This is the church family that I know will be there. If I need prayer, I can ask, and I will receive it. If there’s an emergency, they’ll be there in whatever way they can. If there is joy, they’ll share it. We encourage each other. We share good news and bad news with each other. We keep track of each other, and we know what’s happening in each other’s lives.
Maybe you’re one of the lucky few with a church family that has been really and truly integrated into your life – if so, then you are blessed indeed. But if you aren’t, take solace in the comfort that your “church community” doesn’t have to be composed solely of members of your congregation. Cherish the believing friends and family you have; draw them in; keep them close.

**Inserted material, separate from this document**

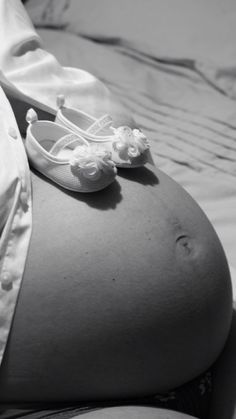 a pregnant woman's belly with her shoes on the top of it, in black and white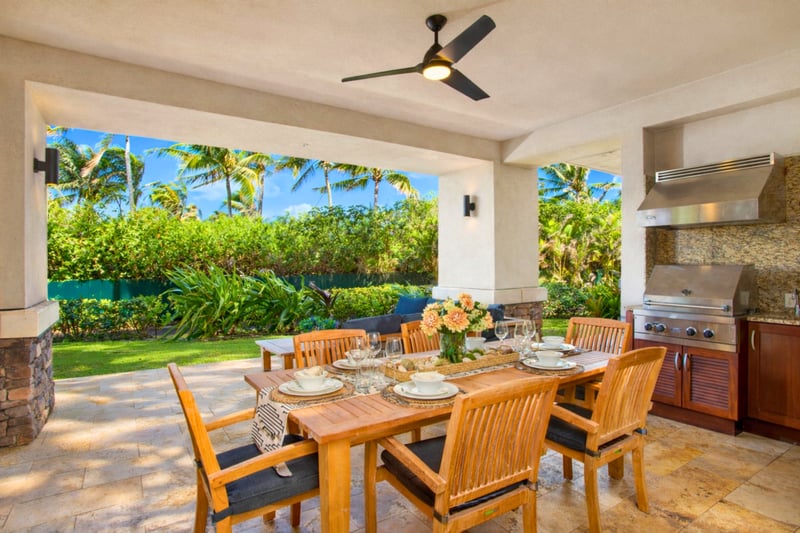 Dine al fresco at your covered lanai table, where ocean views and tropical landscaping create a memorable evening setting. MON-2204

Don’t lose contact with them, but instead reach out to them and pray for them and encourage them, and allow them to do the same for you.
“For where two or three gather in my name,” Jesus promises, “there am I with them” (Matt. 18:20). Don’t be discouraged if your two or three – or four or five, or six or ten! – don’t all come from the same place. As long as we remain intentional about creating communities of believers, we’ll never lose our “church family” – regardless of what might be happening, or not happening, in the building where we attend services.
“church family” – a motley crew of believers who, without a doubt, are going to be there for each other through thick and thin.
I loved that! It hearkens back to the book of Acts.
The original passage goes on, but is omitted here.